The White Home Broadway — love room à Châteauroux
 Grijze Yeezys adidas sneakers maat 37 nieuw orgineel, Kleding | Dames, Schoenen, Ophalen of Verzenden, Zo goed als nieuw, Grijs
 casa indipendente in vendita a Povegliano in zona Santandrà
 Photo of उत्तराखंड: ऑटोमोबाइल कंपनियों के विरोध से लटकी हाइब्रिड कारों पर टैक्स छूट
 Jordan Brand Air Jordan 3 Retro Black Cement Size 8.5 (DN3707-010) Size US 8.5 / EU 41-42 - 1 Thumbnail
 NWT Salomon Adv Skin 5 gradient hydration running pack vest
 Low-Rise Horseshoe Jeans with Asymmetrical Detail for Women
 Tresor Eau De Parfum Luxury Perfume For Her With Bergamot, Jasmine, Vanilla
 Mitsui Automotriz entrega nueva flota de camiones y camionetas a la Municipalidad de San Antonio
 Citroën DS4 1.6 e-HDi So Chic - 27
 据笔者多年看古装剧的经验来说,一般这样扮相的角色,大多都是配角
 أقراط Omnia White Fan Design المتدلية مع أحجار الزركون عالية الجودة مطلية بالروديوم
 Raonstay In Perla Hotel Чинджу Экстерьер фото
========================================================================
* _EXERCISE INSTRUCTIONS_:
Your answer should be the line with "Low-Rise Horseshoe Jeans" and all lines after it in the listing above, repeated exactly. No other lines belong.

* _THE ANSWER_:
 Low-Rise Horseshoe Jeans with Asymmetrical Detail for Women
 Tresor Eau De Parfum Luxury Perfume For Her With Bergamot, Jasmine, Vanilla
 Mitsui Automotriz entrega nueva flota de camiones y camionetas a la Municipalidad de San Antonio
 Citroën DS4 1.6 e-HDi So Chic - 27
 据笔者多年看古装剧的经验来说,一般这样扮相的角色,大多都是配角
 أقراط Omnia White Fan Design المتدلية مع أحجار الزركون عالية الجودة مطلية بالروديوم
 Raonstay In Perla Hotel Чинджу Экстерьер фото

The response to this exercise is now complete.